PSPACE is the set of problems that can be solved by an algorithm using a polynomial amount of memory (space). In polynomial time, an algorithm can only use a polynomial amount of space, $\text{P} \subseteq \text{PSPACE}$

Lemma: $\text{3-SAT} \in \text{PSPACE}$

Proof: Each n-string $x_1, \dots, x_n$ stores a T/F assignment i.e. $x_i = 1 \rightarrow \text{True}$

Star from the 00…000 string, check if this assignment satisfies all the clauses. If YES then we’re done, we’ve found a satisfying assignment. Otherwise, add 1 to the string and test the next assignment.

At any point in time, we only store one string (all the clauses). i.e. a polynomial amount of space.

Note: This alg. takes an exponential amount of time as it “counts” from 0 to $2^n-1$, but this is allowed.

Theorem: $NP \subseteq \text{PSPACE}$

Proof: Take a problem Q in NP. There is a polynomial reduction $Q \rightarrow 3Sat$ and 3-SAT is NP-Complete.

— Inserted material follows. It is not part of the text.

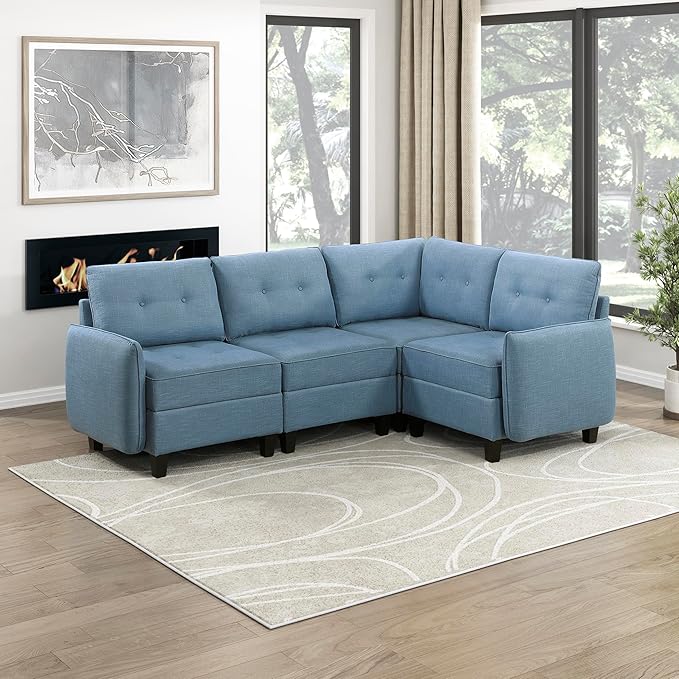 Lexicon L Shape Sectional Couch with Hidden Storage Textured Fabric Modular Sectional Sofa with Button-Tufted Design Reversible Back Cushion 4 Seater Sofa Blue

This reduction using a poly amount of space. We can solve 3-SAT in polynomial space so we can solve Q in polynomial space too.

So $Q \in \text{PSPACE}$

If Q is in PSPACE, then so is the complement ${\bar Q}$. [x is YES instance of Q relates to x is NO instance of ${\bar Q}$. So $\text{coNP} \subseteq \text{PSPACE}$.

Open Problem $P \not= \text{PSPACE}$, we can’t prove this yet.

But we can determine the hardest problems in PSPACE . A problem Q is PSPACE-complete if: (1) $Q \in \text{PSPACE}$ and (2) Every problem $R \in \text{PSPACE}$ has a polyspace reduction $R \rightarrow Q$

QSAT allows us to use universal quantifiers as well as existential quantifiers.

Why is QSAT in PSPACE?

I missed the rest of this lecture… woops.

Written on November 25, 2014